L’analyse quantitative de la caspase 3 activée peut être effectuée à l’aide de logiciels qui mesurent l’intensité de fluorescence des images documentées. Nous avons quantifié l’apoptose induite par l’IR dans le tissu neural, une méthode que nous avons décrite en détail ailleurs10. Selon l’expérience, l’analyse quantitative de la caspase activée 3 peut nécessiter une manipulation supplémentaire des embryons, telle qu’un montage à plat, afin d’obtenir une orientation correcte pour une analyse optimale des tissus. De plus, la linéarité de l’analyse dépendra de l’épaisseur du tissu analysé. Par exemple, nous avons analysé l’apoptose induite par l’IR dans le tissu neural en mesurant l’immunofluorescence de la caspase 3 active dans le tissu neural peu profond de la moelle épinière plutôt que dans le tissu dense en neurones du cerveau4,10.

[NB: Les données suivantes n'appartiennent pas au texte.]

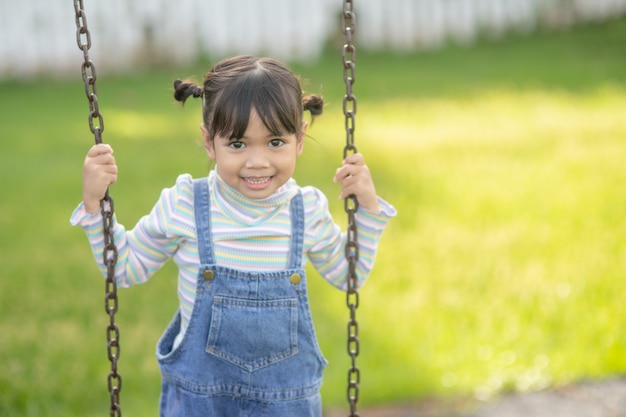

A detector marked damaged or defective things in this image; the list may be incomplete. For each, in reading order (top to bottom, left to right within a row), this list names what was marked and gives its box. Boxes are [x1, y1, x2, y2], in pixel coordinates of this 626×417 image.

rusty chain [73, 1, 122, 414]
rusty chain [342, 1, 360, 414]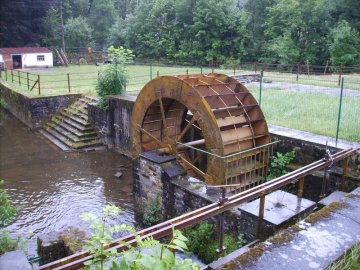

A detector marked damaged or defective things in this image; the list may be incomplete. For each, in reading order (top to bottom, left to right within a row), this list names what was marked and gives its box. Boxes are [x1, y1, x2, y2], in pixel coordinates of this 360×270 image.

rusty girder [130, 73, 270, 185]
rusty metal frame [38, 148, 356, 270]
rusty steel beam [39, 148, 358, 270]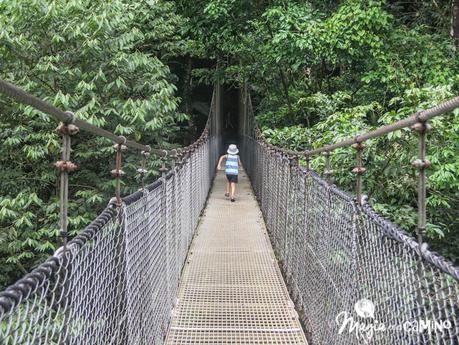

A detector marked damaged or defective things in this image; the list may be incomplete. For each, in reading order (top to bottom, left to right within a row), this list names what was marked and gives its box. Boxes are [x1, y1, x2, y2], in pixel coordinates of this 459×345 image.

rusted metal post [55, 111, 79, 249]
rusted metal post [414, 121, 432, 245]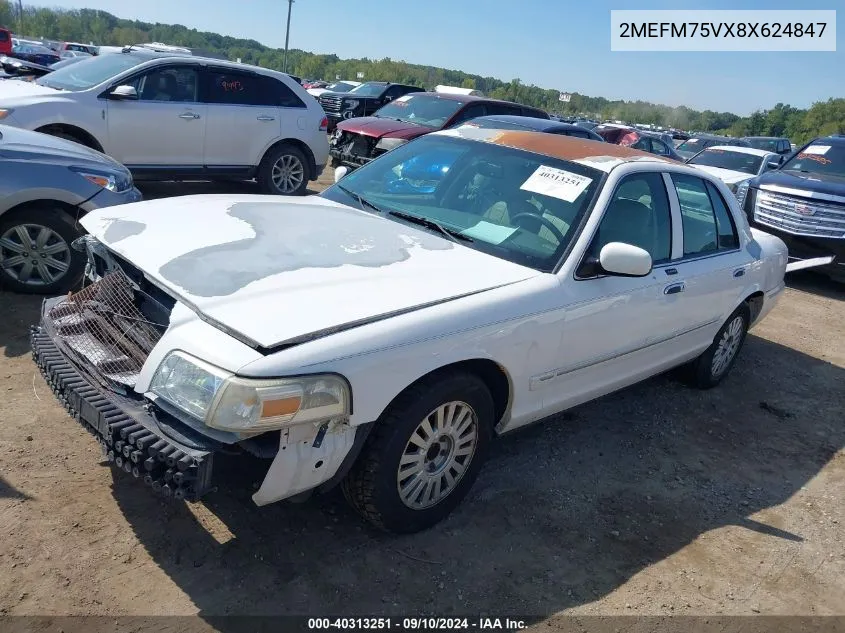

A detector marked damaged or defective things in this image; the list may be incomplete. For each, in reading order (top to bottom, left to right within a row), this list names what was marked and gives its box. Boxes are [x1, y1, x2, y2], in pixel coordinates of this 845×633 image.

missing grille [43, 270, 168, 388]
cracked hood paint [82, 194, 536, 348]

D’après notre expérience, le test Casp3 est le test le plus robuste et le plus fiable disponible pour analyser l’apoptose chez les embryons de poisson-zèbre entre le stade 4 cellules et 32 hpf lorsque l’analyse nécessite suffisamment de temps pour la documentation. Lorsque des anticorps ou des lignées transgéniques appropriés sont disponibles pour identifier des cellules spécifiques, ce test se prête également très bien au comarquage pour identifier les types de cellules spécifiques subissant l’apoptose.